L’altro giorno il segretario confederale della Cisl Ignazio Ganga, dopo gli esiti del Bilancio di Inps e Upb’, ha affermato che “Il meccanismo delle quote rigide, come Quota 100, non ha prodotto i risultati auspicati”.
E già qui ci viene da dire che come dazio elettorale ha dato i suoi frutti. Ma sappiamo e sapevamo che quota 100 non era la soluzione. La Cisl aggiunge ancora: “Occorre un sistema piu’ flessibile ed equo per andare in pensione a partire da 62 anni o con 41 anni di contributi senza vincoli di età”.
Serve “una nuova riforma del sistema previdenziale e al piu’ presto trovare soluzioni utili per una diversa flessibilita’, a partire dalle esigenze di giovani e donne. I risparmi attestati che si aggirano intorno ai 10 miliardi e quelli ottenuti per effetto della legge Monti- Fornero dal 2012 confermano che sia giunto il momento di iniziare a restituire a pensionati e lavoratori maggiori diritti in tema di previdenza. Per questo la Cisl chiede al governo risposte immediate”, aggiunge.
Cosa sono 10 miliardi rispetto ai 110-120 miliardi di residuo fiscale del Nord? Meno di un decimo. Ci chiediamo: ma quando il sindacato vorrà affrontare con giustizia sociale il tema della previdenza del Nord? Quando ammetterà che i saldi in attivo potrebbero da decenni garantire la copertura contributiva? Perché non avere il coraggio di dire che si deve lavorare di più per poter pagare i contributi di chi ha lavorato di meno?

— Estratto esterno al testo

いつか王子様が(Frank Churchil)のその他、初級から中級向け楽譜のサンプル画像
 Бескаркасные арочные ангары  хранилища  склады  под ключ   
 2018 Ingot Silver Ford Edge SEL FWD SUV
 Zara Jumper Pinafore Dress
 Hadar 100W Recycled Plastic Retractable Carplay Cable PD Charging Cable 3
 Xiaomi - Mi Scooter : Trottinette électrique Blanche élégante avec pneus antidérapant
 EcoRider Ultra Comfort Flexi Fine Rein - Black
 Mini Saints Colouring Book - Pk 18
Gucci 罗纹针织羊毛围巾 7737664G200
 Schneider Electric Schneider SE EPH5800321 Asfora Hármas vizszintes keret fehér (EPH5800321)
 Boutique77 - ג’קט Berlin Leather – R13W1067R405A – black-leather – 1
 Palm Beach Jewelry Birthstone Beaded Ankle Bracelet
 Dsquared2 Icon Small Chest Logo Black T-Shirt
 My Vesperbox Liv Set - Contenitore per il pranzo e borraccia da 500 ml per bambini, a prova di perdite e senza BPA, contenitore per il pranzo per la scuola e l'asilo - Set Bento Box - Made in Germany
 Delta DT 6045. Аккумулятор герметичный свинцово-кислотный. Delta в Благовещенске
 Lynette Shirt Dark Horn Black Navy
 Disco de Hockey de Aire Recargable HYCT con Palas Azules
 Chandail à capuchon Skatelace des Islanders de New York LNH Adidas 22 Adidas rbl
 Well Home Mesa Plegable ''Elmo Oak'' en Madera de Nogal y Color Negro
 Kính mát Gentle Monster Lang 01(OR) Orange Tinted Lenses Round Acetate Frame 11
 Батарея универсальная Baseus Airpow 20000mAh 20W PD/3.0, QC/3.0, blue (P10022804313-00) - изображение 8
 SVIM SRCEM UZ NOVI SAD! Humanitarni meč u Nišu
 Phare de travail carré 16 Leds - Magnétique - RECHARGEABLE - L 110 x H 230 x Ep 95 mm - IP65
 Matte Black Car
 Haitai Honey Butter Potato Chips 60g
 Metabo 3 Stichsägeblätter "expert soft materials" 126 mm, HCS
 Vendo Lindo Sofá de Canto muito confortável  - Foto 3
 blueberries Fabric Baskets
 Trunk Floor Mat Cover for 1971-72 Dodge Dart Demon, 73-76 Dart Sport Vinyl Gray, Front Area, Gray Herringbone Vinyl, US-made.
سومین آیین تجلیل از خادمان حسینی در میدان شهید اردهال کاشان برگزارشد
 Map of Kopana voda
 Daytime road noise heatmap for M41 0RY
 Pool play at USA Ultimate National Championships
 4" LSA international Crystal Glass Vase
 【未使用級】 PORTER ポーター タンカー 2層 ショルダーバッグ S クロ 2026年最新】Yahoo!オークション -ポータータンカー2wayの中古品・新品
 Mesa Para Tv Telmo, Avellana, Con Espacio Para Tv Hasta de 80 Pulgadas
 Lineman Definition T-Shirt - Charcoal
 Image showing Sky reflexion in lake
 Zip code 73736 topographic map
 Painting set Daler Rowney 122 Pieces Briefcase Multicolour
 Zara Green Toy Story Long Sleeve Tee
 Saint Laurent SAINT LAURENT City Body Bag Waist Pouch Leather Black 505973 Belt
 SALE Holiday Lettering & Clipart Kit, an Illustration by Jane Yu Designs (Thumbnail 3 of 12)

E quando il sindacato si imporrà per abrogare la doppia tassazione sulle pensioni, con contributi tassati durante il periodo di attività e ritassati al momento di incassare l’assegno? Zitti?
Certo, serve la perequazione e la solidarietà. Ma col residuo fiscale ce ne sarebbe per intere generazioni. Avanti così, invece, madama la marchesa.